Almosthear, because he’d burst my damn eardrum.

Dustin was there with a square of cloth. “Warlord, for the blood.”

The Emperor turned to me and reached out a hand. “May I?”

I did not want him touching me, but Alexios was smirking and Dustin watching. “Of course.” His fingers brushed my ear, there was a painful pop, and then I could hear again. It wasn’t perfect, but it felt like the rupture had happened a week ago, rather than moments.

“How?”

The kraken’s smile may have been intended to seem friendly, but his tone was patronizing. “Human bodies are made of mostlysalt and water. I am the Emperor of Emperors. I’ve had a long time to learn how to rule what is mine.”

“I am not yours,” I said, wondering if I was imagining the rancor rolling off him in invisible waves.

“No? And yet I know everything about you that I would want to.” He brushed past me and leaned down to Alexios’s discarded wet robe. With one touch, he pulled the seawater out of it and out of the Beta’s hair as well. “May I borrow your cloth?”

Alexios handed it over, pulling his pale robes on as the kraken took the sheet.
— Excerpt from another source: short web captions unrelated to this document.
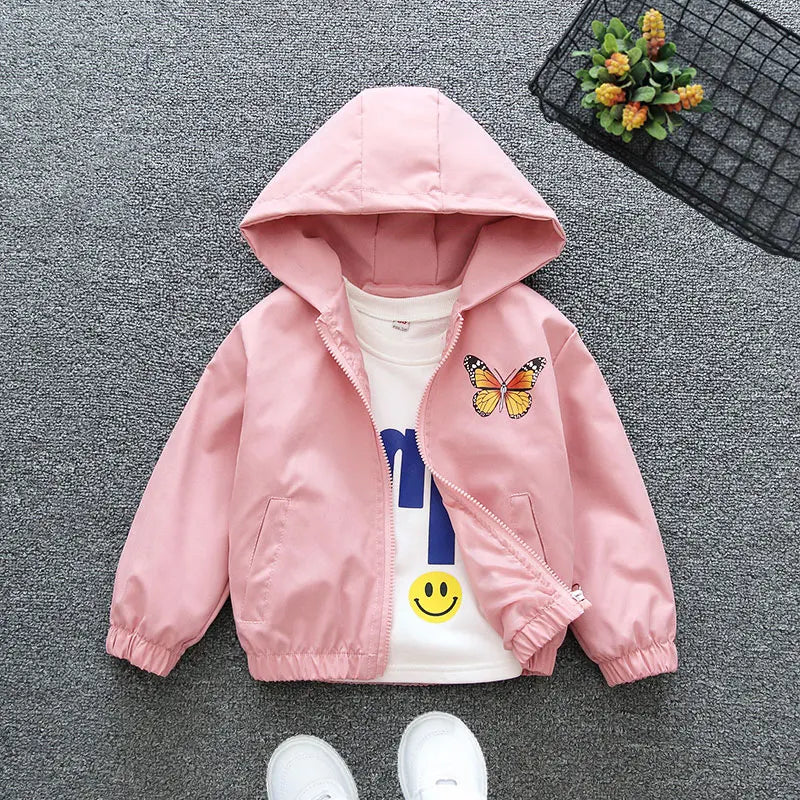 3 - 10 - Year - Old Girls' Spring - Autumn Outerwear: Jackets Featuring Adorable Butterfly Motifs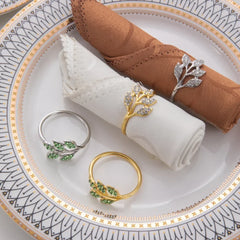 Serviettenringe – Elegantes Blatt-Design – Metallset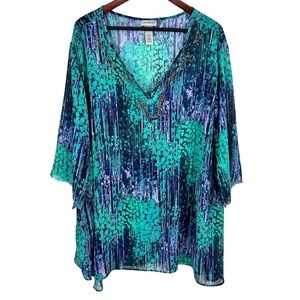 Catherines Plus Size 4X 30/32W Sheer Tropical Beach Cover Up Blouse Shirt Top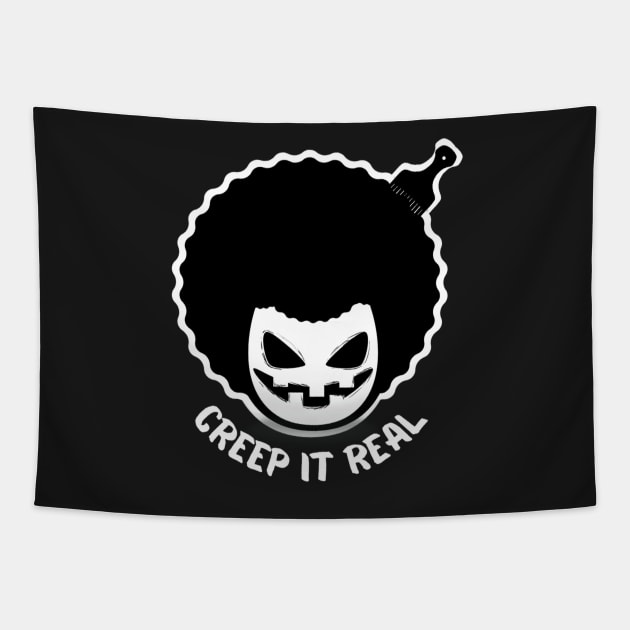 Fun Afro Halloween evil scary face Tapestry by HyzoArt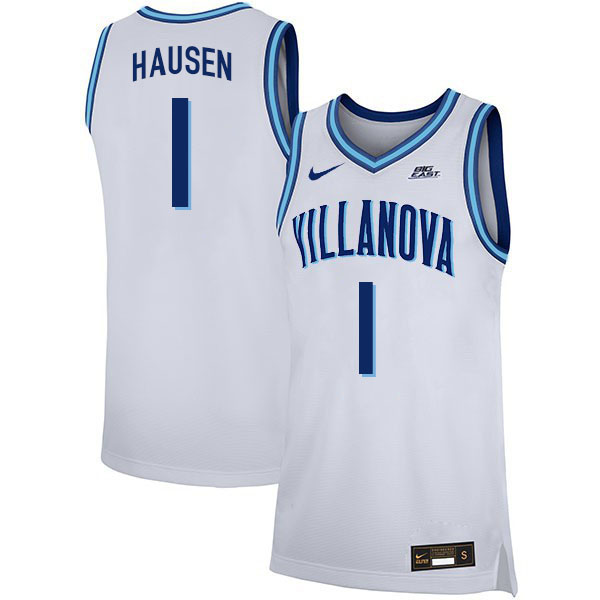 Men #1 Brendan Hausen Willanova Wildcats College 2022-23 Basketball Stitched Jerseys Sale-White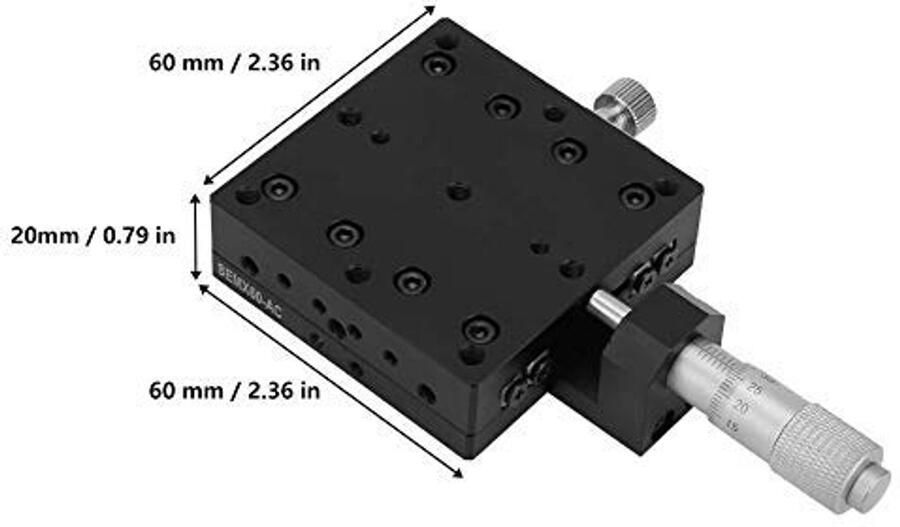 SEMX60-AC X Lineaire Stage 60x60mm X Micrometer Handmatige Precisie Lineaire Vertaling Stage Verplaatsing Platform X As Lineaire Stage Schuiftafel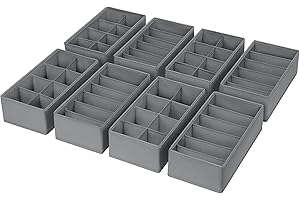 DIMJ Sock Organisers - Foldable Drawer Storage Organiser with Multi Compartments for Socks, Bras, and Clothes - Non-Woven Storage Boxes, Set of 8, 30×15×9cm, Deep Grey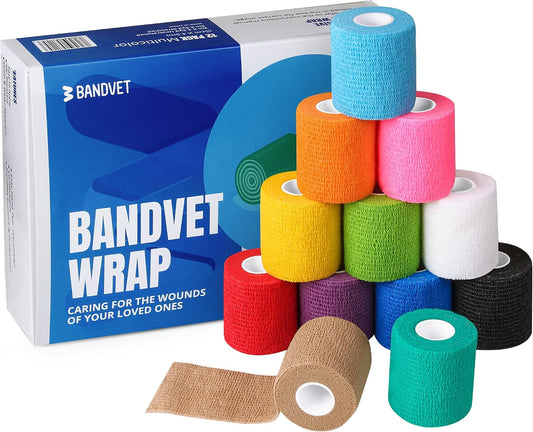 BANDVET WRAP Self Adhesive Bandage Wrap - Pack of 12 Assorted Colors, Breathable & Water-Resistant Vet Wrap for First Ai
With a few quick movements, the Emperor fashioned it into a toga, wrapping the cloth around his waist and over one shoulder. The difference in size when he stood next to Alexios was jarring to witness, and made it even more obvious that this creature was only playing at being human. But the disdain in his expression when he finally turned toward me was even more discomfiting.